14 Eylül 2010 Salı

Son Okuduklarım

Bazı arkadaşlarım var: “ Son okuduklarım” diye okudukları kitaplardan söz ediyorlar, yazıyorlar. Onları kıskanıyorum desem yeridir. Hayatta okumak kadar insanı değerli kılan ne olabilir?
Ben öyle çok okuyanlardan olamadım gitti. Ayda bir–iki kitap ancak okuyabiliyorum. Daha ivme kazanmak için dilek taşıyorum.
Bunlar da benim son okuduklarım. Sevgiyle ve okumayla kalın.


6 yorum:

Asortik Krep dedi ki...

"Albümdekiler" siparişim yolda :)
Zeytindağı'nı bende okumak istiyorum..

laleninbahcesi dedi ki...

Kazım Karabekir'in kitabını okurken; O Kazım Karabekir Paşa olmak için doğmuş demiştim... Zeytindağı , ne çok parçası yazılı sorusu olarak çıkardı... O tertemiz Türkçesine bayılırım.

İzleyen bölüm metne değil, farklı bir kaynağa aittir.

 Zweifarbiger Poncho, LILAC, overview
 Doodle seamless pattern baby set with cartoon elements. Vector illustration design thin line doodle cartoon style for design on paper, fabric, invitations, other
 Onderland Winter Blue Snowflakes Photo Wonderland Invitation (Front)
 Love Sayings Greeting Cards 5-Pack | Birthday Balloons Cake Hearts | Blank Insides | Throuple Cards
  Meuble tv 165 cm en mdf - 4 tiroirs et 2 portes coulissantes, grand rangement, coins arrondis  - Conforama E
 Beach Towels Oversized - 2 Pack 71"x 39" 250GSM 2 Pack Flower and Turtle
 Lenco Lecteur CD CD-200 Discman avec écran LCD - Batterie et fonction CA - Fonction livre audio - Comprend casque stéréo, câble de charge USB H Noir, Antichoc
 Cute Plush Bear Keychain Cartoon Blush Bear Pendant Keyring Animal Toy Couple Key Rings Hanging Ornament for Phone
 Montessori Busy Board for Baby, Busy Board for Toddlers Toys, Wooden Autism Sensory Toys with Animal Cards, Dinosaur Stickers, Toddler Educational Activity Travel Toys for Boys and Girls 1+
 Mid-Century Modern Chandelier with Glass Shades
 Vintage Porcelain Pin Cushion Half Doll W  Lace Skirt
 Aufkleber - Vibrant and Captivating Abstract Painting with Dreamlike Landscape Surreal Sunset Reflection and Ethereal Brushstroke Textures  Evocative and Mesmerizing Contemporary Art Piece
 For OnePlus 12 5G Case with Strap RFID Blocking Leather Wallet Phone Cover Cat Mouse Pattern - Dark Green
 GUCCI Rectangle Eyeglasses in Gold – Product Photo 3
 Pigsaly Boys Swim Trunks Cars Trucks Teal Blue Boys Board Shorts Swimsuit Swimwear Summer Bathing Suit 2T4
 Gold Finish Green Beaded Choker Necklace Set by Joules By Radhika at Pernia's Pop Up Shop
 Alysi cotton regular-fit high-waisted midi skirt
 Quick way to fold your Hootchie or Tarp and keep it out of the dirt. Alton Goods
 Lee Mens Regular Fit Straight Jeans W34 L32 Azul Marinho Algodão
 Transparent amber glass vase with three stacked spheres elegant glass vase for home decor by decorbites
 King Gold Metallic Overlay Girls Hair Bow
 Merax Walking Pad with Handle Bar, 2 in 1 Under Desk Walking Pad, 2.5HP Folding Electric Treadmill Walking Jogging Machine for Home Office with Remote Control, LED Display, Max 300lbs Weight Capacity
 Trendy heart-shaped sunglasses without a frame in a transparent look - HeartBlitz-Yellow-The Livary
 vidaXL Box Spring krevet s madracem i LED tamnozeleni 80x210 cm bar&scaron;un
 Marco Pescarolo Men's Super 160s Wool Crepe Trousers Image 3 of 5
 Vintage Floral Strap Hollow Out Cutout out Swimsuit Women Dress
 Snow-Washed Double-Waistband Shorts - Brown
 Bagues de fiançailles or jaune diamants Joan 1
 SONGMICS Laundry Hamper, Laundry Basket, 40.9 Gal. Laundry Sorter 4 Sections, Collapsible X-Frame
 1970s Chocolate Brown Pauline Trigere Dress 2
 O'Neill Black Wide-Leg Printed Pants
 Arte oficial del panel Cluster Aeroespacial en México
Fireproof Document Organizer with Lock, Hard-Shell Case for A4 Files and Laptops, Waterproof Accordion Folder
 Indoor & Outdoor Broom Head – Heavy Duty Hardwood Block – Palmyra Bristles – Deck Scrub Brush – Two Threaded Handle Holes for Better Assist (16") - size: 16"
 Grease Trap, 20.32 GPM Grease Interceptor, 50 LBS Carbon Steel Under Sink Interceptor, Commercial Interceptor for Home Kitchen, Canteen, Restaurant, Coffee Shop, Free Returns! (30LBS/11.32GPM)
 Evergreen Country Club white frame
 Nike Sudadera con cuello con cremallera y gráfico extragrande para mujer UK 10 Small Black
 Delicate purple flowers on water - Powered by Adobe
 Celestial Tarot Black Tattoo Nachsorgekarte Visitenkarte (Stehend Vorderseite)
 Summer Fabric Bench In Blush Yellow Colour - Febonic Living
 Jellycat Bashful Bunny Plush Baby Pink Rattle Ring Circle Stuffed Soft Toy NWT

Mehmet Bilgehan Merki dedi ki...

Sevgili Zeynep,
Üzülmeni gerektirecek hiçbir şey yok. Ayda 2 kitap dahi ülkemizin yılda 7 kişiye bir kitap ortalamasının çok üzerinde. Sevgiyle kal.

ali zafer sapci dedi ki...

Sizi beğenerek izliyorum; selamlar!

ayferbilici dedi ki...

Ortalamanın üzerinde okuduğun kesin:) Ama okuyamayacağımız ve hatta varlığından haberimiz bile olmayacak o kadar kitap varken, ne okusak az gelir elbet.

Adsız dedi ki...

Merhaba Zeynep Hanım,
Son okuduğunuz kitaplara bakılırsa genelde aynı fikir yapısındaki kitapları okuduğunuz anlaşılıyor. Yani hayata at gözlüğüyle bakıyorsunuz, maalesef!
AkParti (AKP) savunucusu olmadığımı, partilere ve partili siyasete hepten karşı olduğumu baştan söyleyeyim.
"AKP gerçeği" diyorsunuz, bu isimde kitap okuyorsunuz. Okumak güzeldir, zihninizi açar. Fakat karşı görüşleri de anlayarak okumak kaydıyla..
Size ve sizin gibi düşünenlere itirazım var:
Yüksek Seçim Kurulu (YSK) kayıtlarına göre kısa adı AkParti olarak kayıtlı olan Adalet ve Kalkınma Partisi iktidara gelirken "şeriat geliyor" dediniz, gelmedi!
Abdullah Gül, Cumhurbaşkanı adayı olduğunda "en büyük kale de düştü, tamam şimdi şeriat geldi" dediniz, gelmedi!
Referandumda "hayır" çıkarsa ülke bölünür dediniz, bölünmedi! Hattâ halk, referandumu unuttu bile! Üstelik "evet" diyen vatandaşlarla "hayır" diyen vatandaşlar, hâlâ görüşüyorlar, hâlâ birbirlerinin hizmetine koşuyorlar; hâlâ aynı havayı solumaya devam ediyorlar.
Zorunuza giden; Atatürk'ün kovduğu mason ittihatçıların devamı olan Ergenekoncuların kovulmaktan beter edilmesi mi?! Yok, bu değil de Anadolu'nun yüzyıllardır süregelen gelenek ve inanç yapısına uymayan, çobanı hakir gören tavırlarınızın beş para etmez hale gelip referandum sonuçları haritasında da belli olduğu gibi denize dökülme vaktiniz yaklaştığı için mi?!